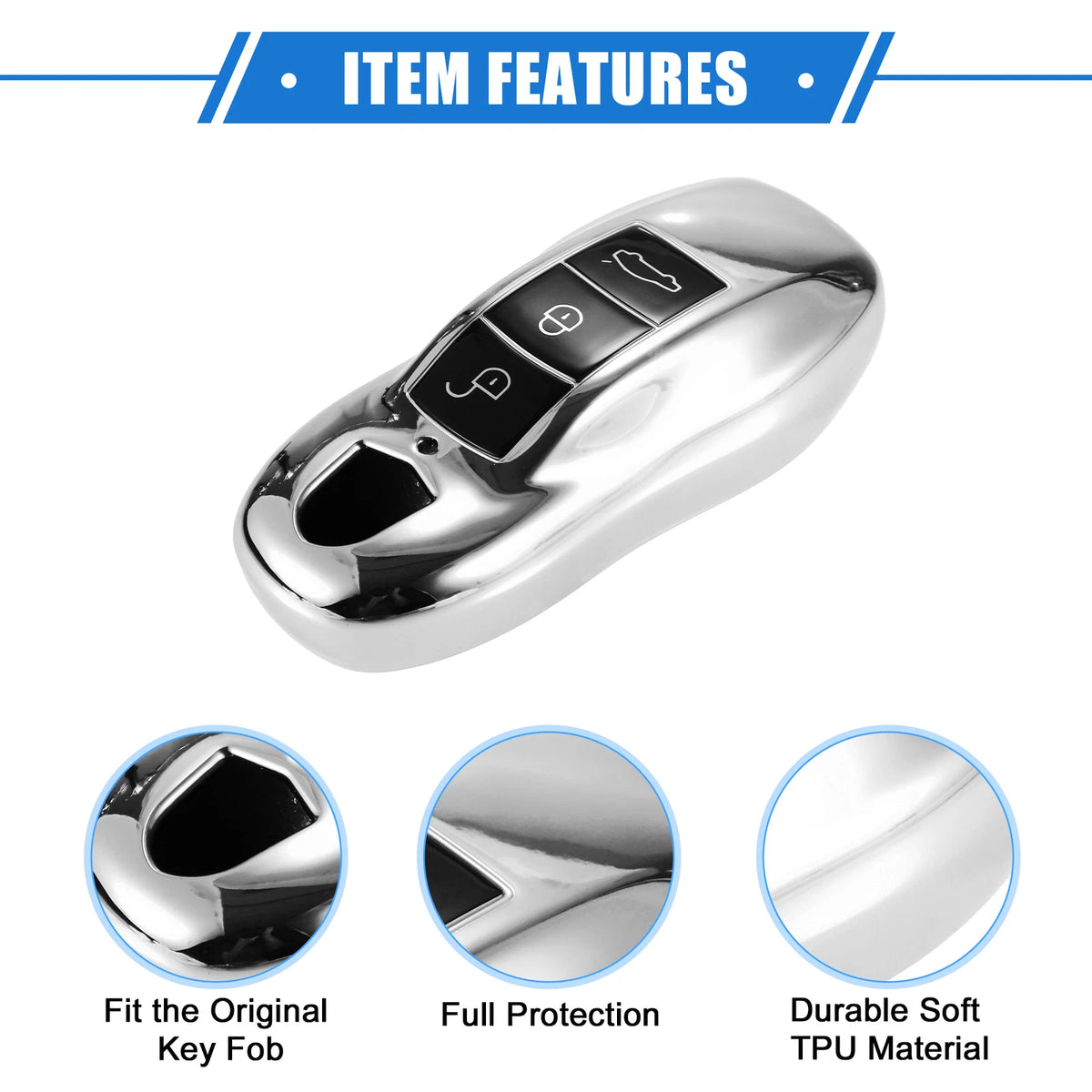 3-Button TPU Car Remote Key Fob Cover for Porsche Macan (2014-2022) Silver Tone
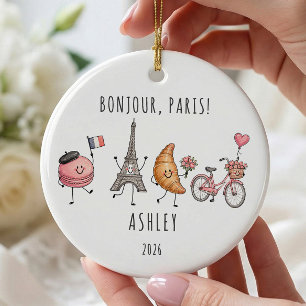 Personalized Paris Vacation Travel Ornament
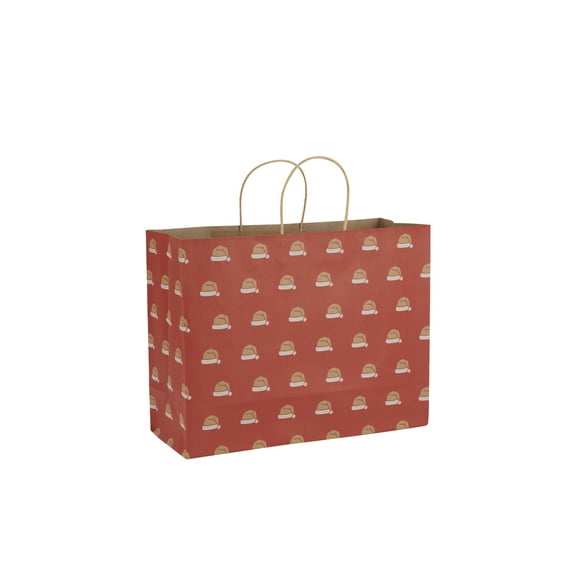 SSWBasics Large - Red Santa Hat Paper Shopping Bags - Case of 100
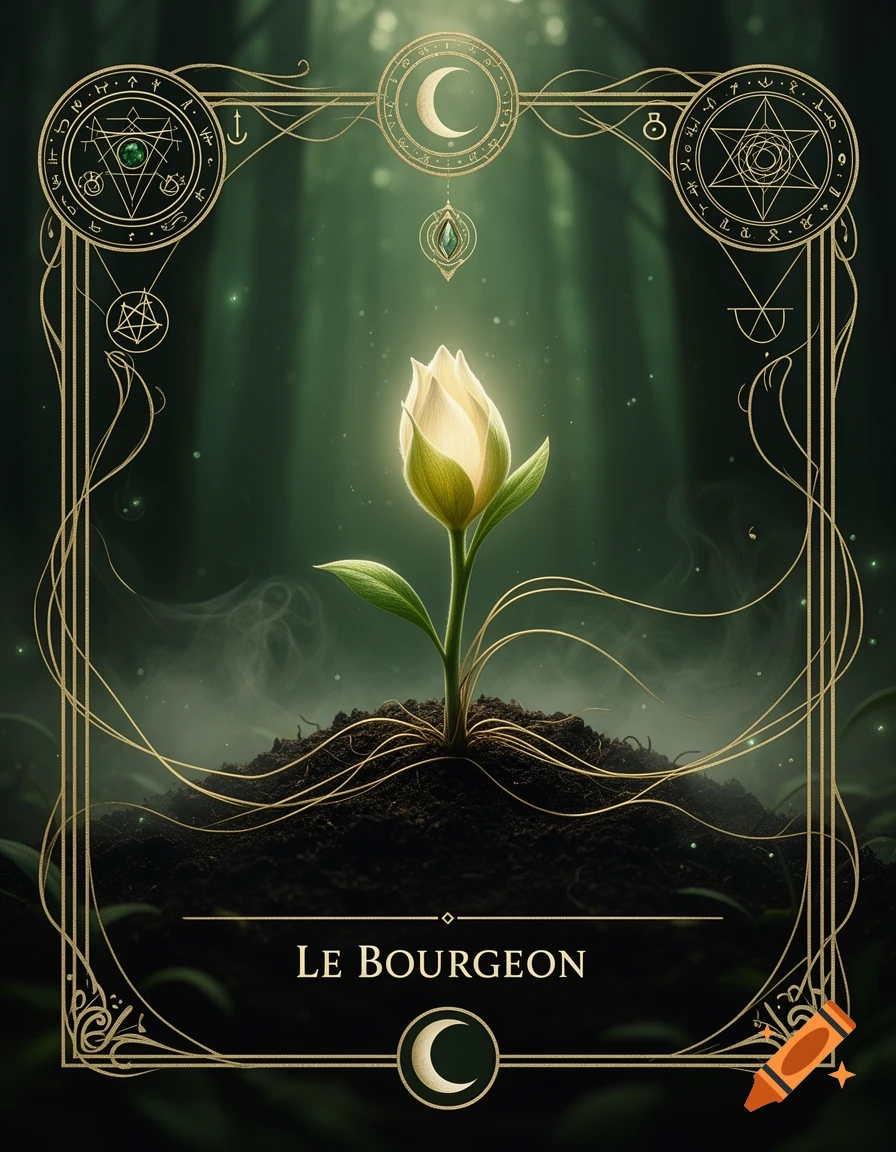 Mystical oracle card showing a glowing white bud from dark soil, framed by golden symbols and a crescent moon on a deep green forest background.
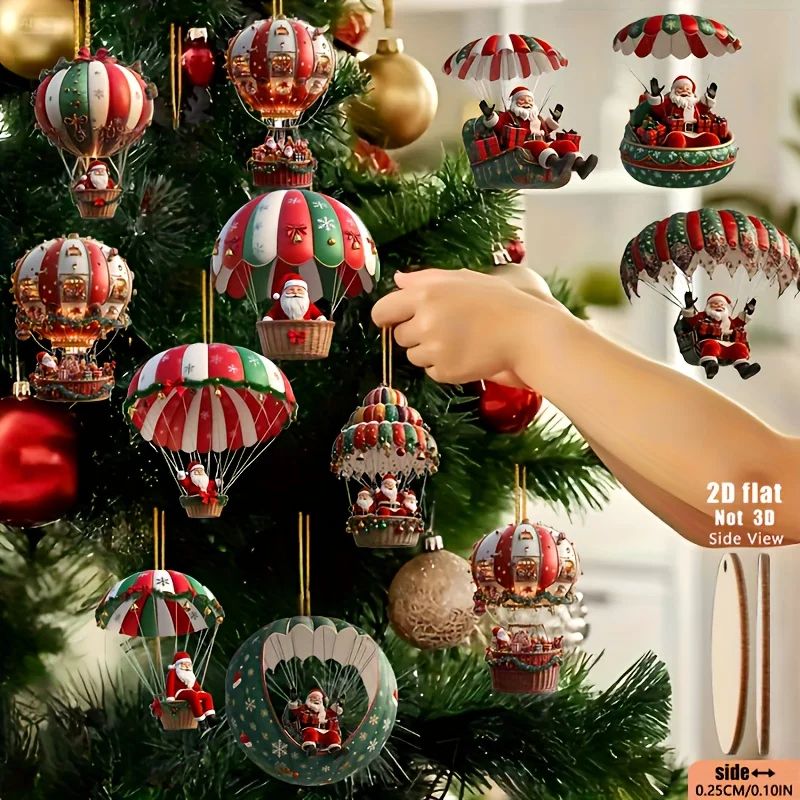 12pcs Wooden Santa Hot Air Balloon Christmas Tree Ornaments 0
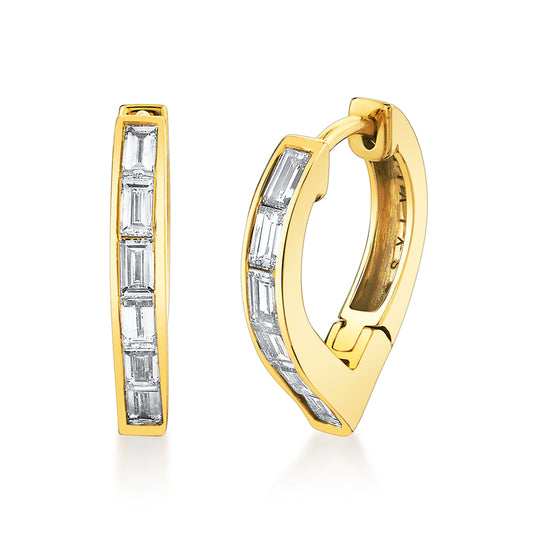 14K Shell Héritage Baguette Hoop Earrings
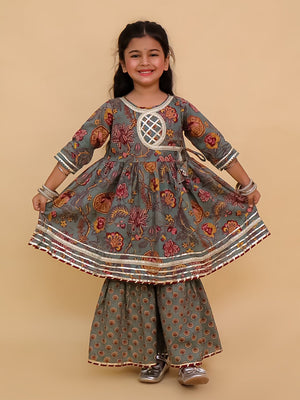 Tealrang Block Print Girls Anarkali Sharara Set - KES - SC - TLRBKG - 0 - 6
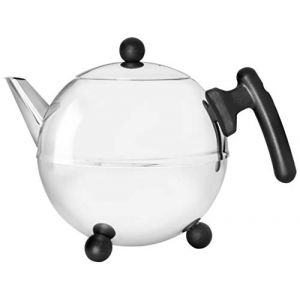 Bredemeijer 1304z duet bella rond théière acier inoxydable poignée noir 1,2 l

——

* BRIEF *
Pictures excluded, output exactly the line that contains "Tealrang Block Print" and every line after it to the end of the data above.

* RESPONSE TO THIS TASK *
 Tealrang Block Print Girls Anarkali Sharara Set - KES - SC - TLRBKG - 0 - 6
 Bredemeijer 1304z duet bella rond théière acier inoxydable poignée noir 1,2 l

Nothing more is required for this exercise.